If I could save time in a bottle, the first thing that I’d like to do…” [Jim Croce]
In exasperation one day, my husband says to me “you have a dysfunctional relationship with time”. The pronouncement of his analysis, his finding, sounds so scientific, so clear, so final, it brooks no argument.
The clocks I have everywhere are ironic evidence that I can’t get enough of it – Time. There are literally three clocks in my study and at least one in every room. I have three simple but expensive swatch watches, chosen because they are lightweight, waterproof, have easy-to-read big faces, thin straps and I can barely feel them on my wrist. But still I remove them whenever I can, and so two are lost and one has a broken strap. So, right now, I do not have one on my wrist.
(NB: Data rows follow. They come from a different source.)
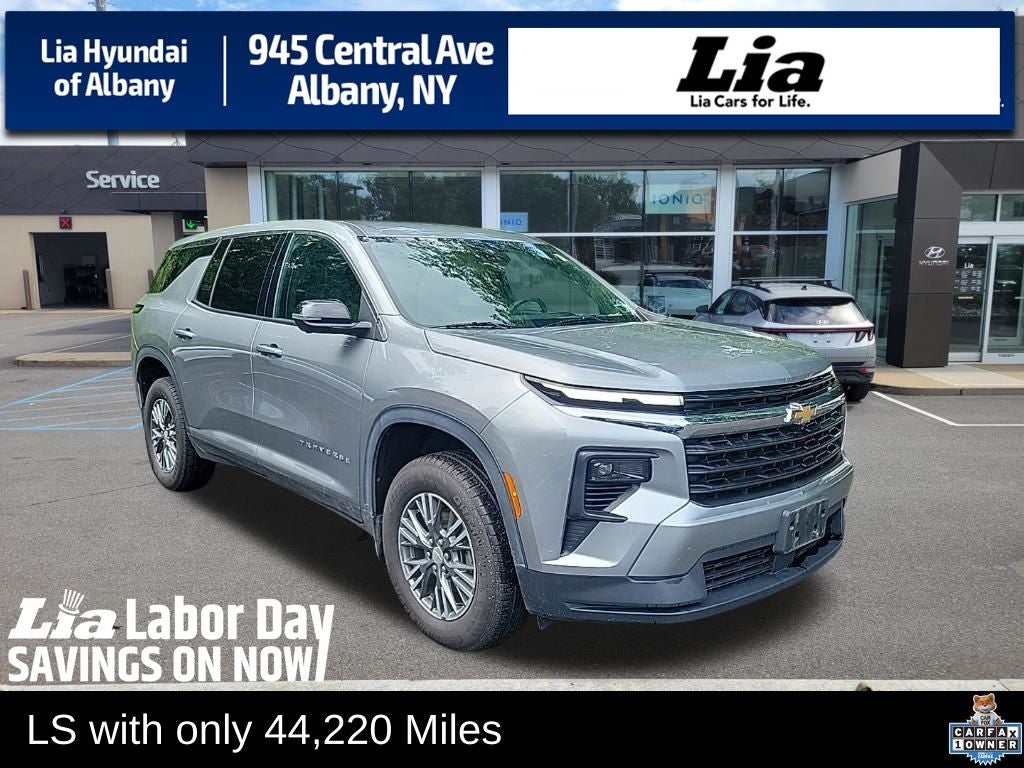 2024 Chevrolet Traverse LS
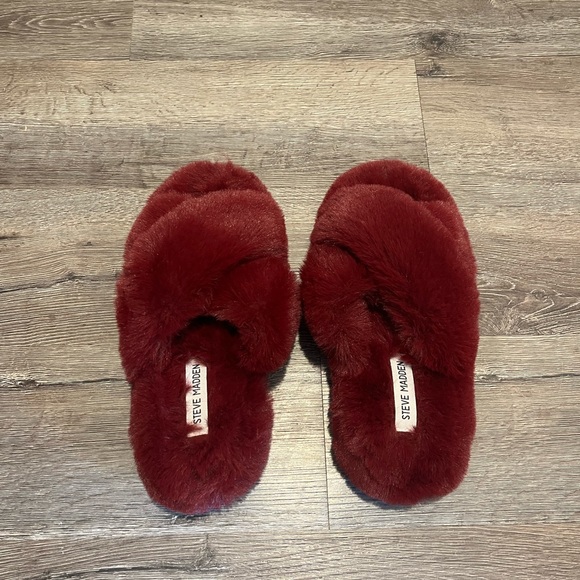 Steve Madden Shoes - Steve Madden Faux Fur Slippers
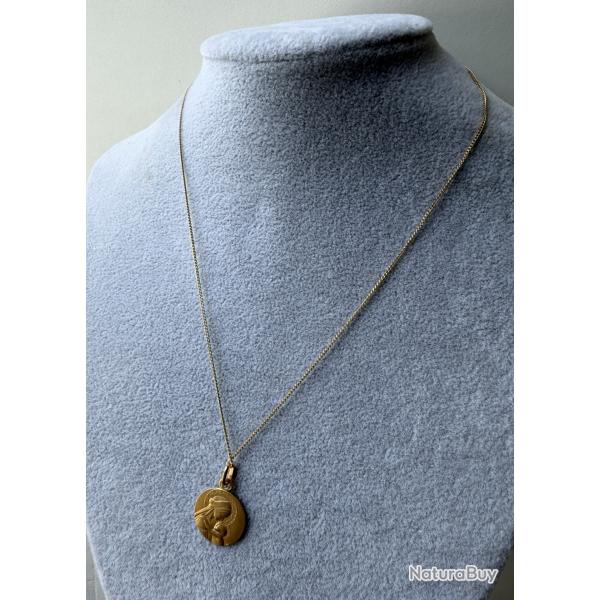 Collier - chaine et pendentif or massif 18 carats - Douce m�re - catholique - Chr�tien - m�daille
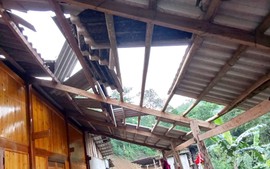 Lào Cai: Dông lốc làm hư hại hàng trăm ngôi nhà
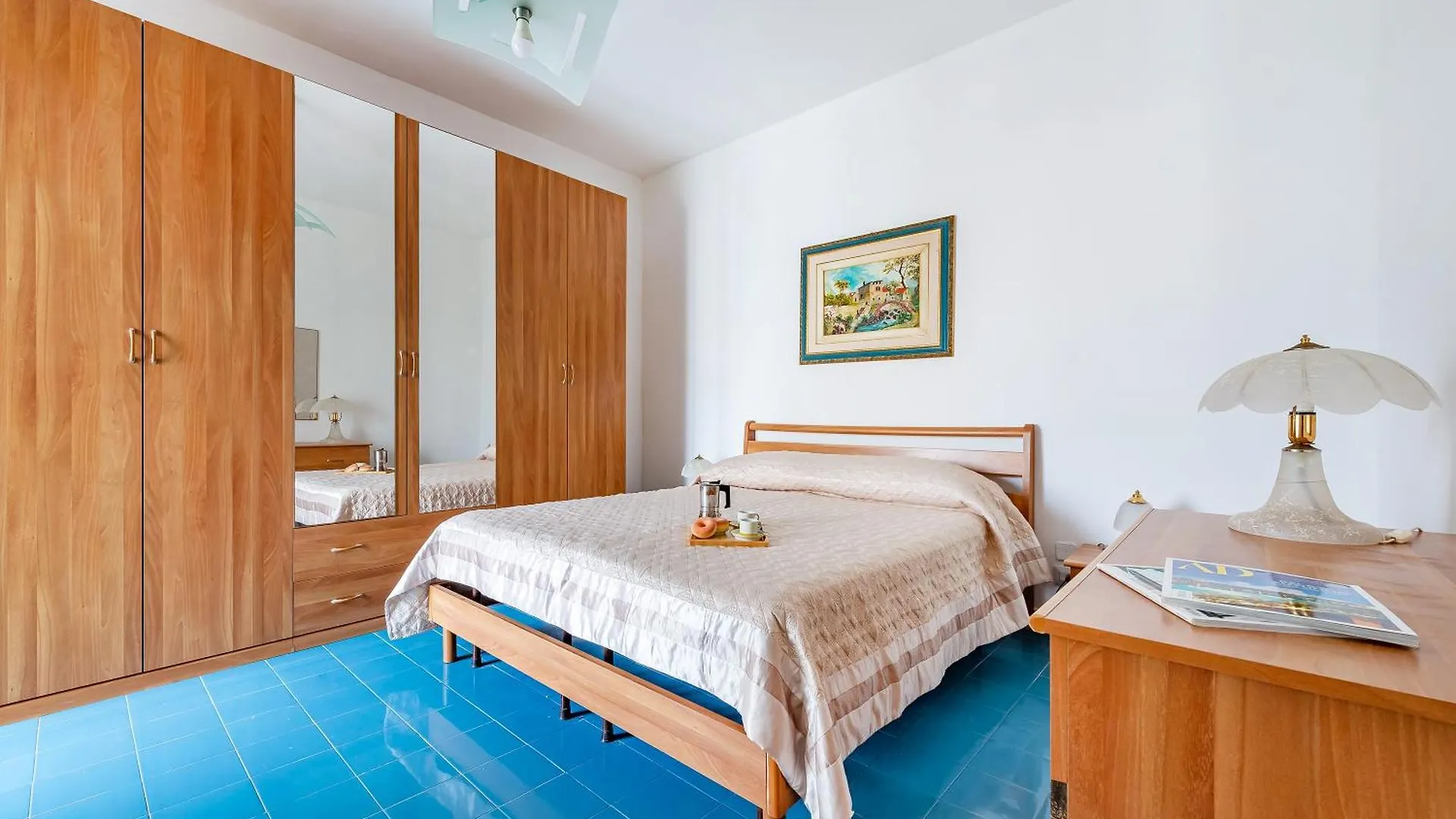 Sea Tower Apartment Bari Sea Front - Happy Rentals Italy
The reasons stare me in the face. Not the face of the watch. In the wristband. I cannot keep the watch on for more than a short period, perhaps 30 minutes, but mostly not even 10. There is always a good reason for removing it. I have to wash up, or bath the kids, so it might get ruined. Yes, it’s waterproof, but just in case, you know? Or the wristband – it is too tight, or too loose, so I remove it to bring some relief to my wrist. Or it gets too sweaty under it, and I have to give my wrist some air. Or despite how thin it is, it bumps awkwardly onto the laptop or desk as I type or write. So, I have to take it off, for comfort, for release from the pressure.
And so I lose track of time.
But I am extremely conscious of Time and how much has to be done, before it runs out.
Time does run out, like the sand in an old-fashioned, clinch-waisted timer. Each grain of sand is some thing. Some thing to do. And I try to get in as many grains, or get out of as many grains, what it is that I need to get done. Things as weighty as deep thinking, as light as dusting a desk, or picking up a piece of paper from the floor, or a feather left behind on the ground for my grandchild by a bird flying off.
My husband’s pronouncement, however, disturbs me. It rankles. It sounds true; it sounds so clever.
I use many of my left-over grains of time to ponder this. Often. Although it sounds true, I know it isn’t. But I can’t say why.
At last, I think of a comeback for him. It may seem a bit lame, I admit, but there is a grain of truth in it too, I think and smile smugly.
“Perhaps,” I say, “it is YOU who have a dysfunctional relationship with time?”
And my argument? I am an African. A South African, like my husband is. And in Africa, amongst other Africans, (unlike those who, somewhere in their lineage far far back in time, are of German descent – hint, hint, husband), Time is not ‘of the essence’. Rather, what is ‘of the essence’ is savouring, nurturing, feeding relationships with people, with one’s environment, and not with Time. This is what makes the hands of my clock, my grains of sand, move. This is what takes up, deserves, my time. And there is not a clock in the world that can measure this. They just do not have enough Time.
“And so what,” he responds, “if not being ON time, is disrespectful of other people’s time?”
Hmmm. Stumped? No. I realise that there isn’t a simple comeback. I’ll have to ponder a more complex argument. And what could that be? Only Time will tell.